## ASSIGNMENT
Please repeat only the lines below starting at the line that holds "Hand Jewelry Copper" and ending at the line that holds "Benson Opbergdoos/sorteerdoos - 3x", exactly, with both of those lines included and every picture omitted.

## EXERCISE DATA

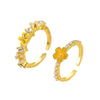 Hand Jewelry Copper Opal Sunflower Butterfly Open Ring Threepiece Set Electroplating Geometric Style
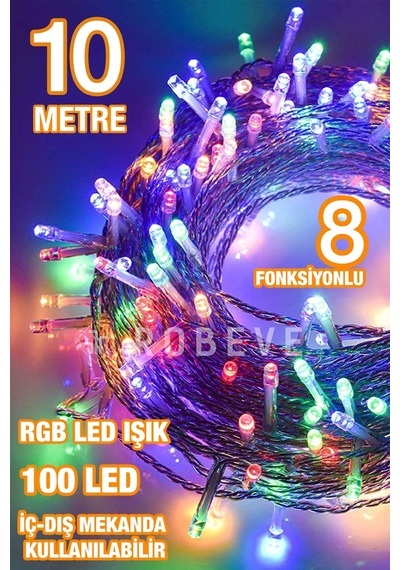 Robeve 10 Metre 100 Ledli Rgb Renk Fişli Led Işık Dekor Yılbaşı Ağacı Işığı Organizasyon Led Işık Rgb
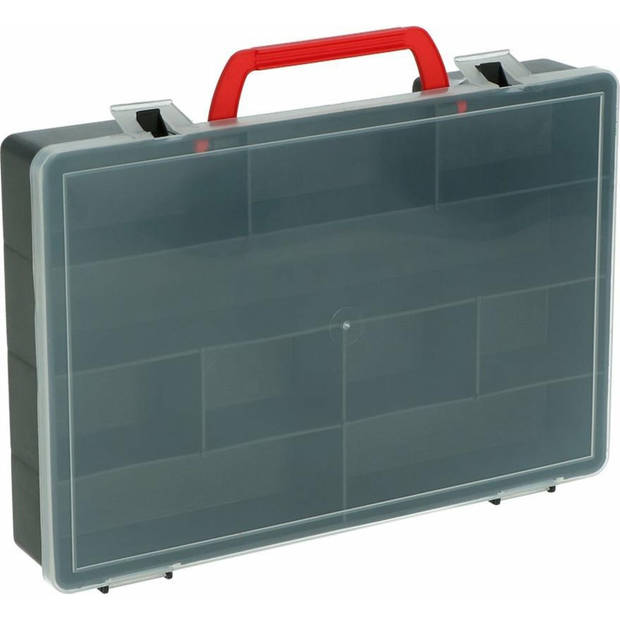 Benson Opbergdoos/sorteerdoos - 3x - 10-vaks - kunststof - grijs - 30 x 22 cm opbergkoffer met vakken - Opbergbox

---

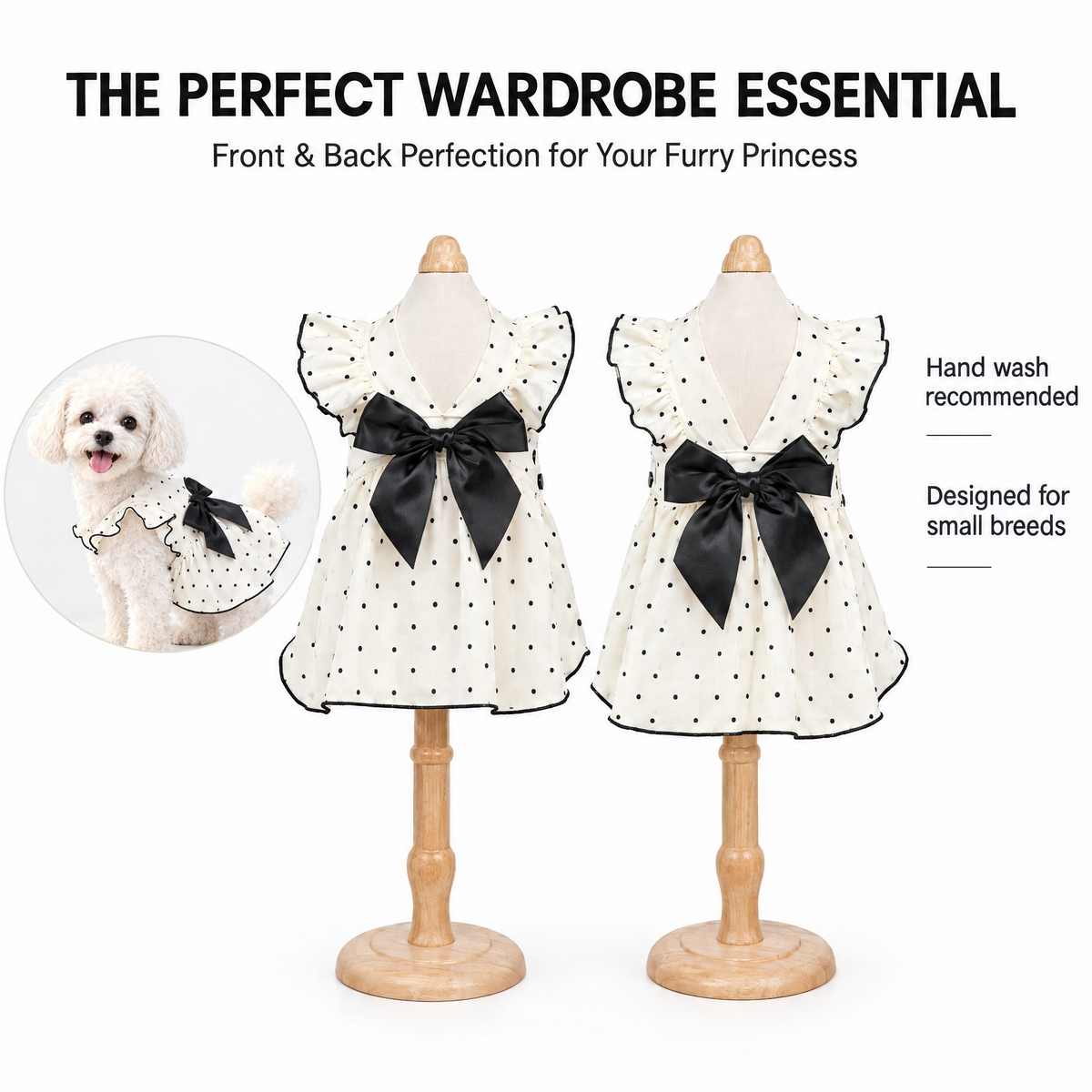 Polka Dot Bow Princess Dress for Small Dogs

...

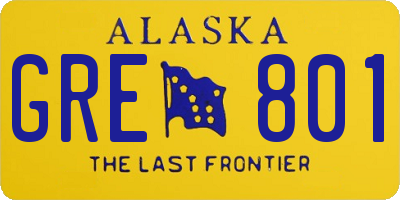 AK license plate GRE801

## SOLVED EXERCISE
 Hand Jewelry Copper Opal Sunflower Butterfly Open Ring Threepiece Set Electroplating Geometric Style
 Robeve 10 Metre 100 Ledli Rgb Renk Fişli Led Işık Dekor Yılbaşı Ağacı Işığı Organizasyon Led Işık Rgb
 Benson Opbergdoos/sorteerdoos - 3x - 10-vaks - kunststof - grijs - 30 x 22 cm opbergkoffer met vakken - Opbergbox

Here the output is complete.